ZFS Internals (part #9)

February 21st, 2010


PLEASE BE AWARE THAT ANY INFORMATION YOU MAY FIND HERE MAY BE INACCURATE, AND COULD INCLUDE TECHNICAL INACCURACIES, TYPOGRAPHICAL ERRORS, AND EVEN SPELLING ERRORS.

 From the MANUAL page:
 The zdb command is used by  support  engineers  to  diagnose
 failures and gather statistics. Since the ZFS file system is
 always consistent on disk and is self-repairing, zdb  should
 only be run under the direction by a support engineer.

DO NOT TRY IT IN PRODUCTION. USE AT YOUR OWN RISK!
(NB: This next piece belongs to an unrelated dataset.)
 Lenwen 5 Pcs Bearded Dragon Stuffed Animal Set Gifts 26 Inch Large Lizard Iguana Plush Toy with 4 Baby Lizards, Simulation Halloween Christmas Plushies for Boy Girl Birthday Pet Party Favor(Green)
Some builds ago there was a great change in OpenSolaris regarding ZFS. It was not a change in the ZFS itself because the change was the adition of a new scheduling class (but with great impact on ZFS).

OpenSolaris had six scheduling classes until then:
- Timeshare (TS);
This is the classical. Each process (thread) has an amount of time to use the processor resources, and that “amount of time” is based on priorities. This scheduling class works changing the process priority.
- Interactive (IA);
This is something interesting in OpenSolaris, because it is designed to give a better response time to the desktop user. Because the windown that is active has a priority boosts from the OS.
- Fair Share (FSS);
Here there is a division of the processor (fair? ;-) in units, so the administrator can allocate the processor resourcers in a controlled way. I have a screencast series about Solaris/OpenSolaris features so you can see a live demonstration about resource management and this FSS scheduling class. Take a look at the containers series…
- Fixed Priority (FX);
As the name suggests, the OS does not change the priority of the thread, so the time quantum of the thread is always the same.
- Real Time (RT);
This is intended to guarantee a good response time (latency). So, is like a special queue on the bank (if you have special necessities, a pregnant lady, elder, or have many, many dollars). Actually this kind of person do not go to bank.. hmmm bad example, anyway…
- System (SYS);
For the bank owner. ;-)
Hilarious, because here was the problem with ZFS! Actually, the SYS was not prepared for ZFS’s transaction group sync processing.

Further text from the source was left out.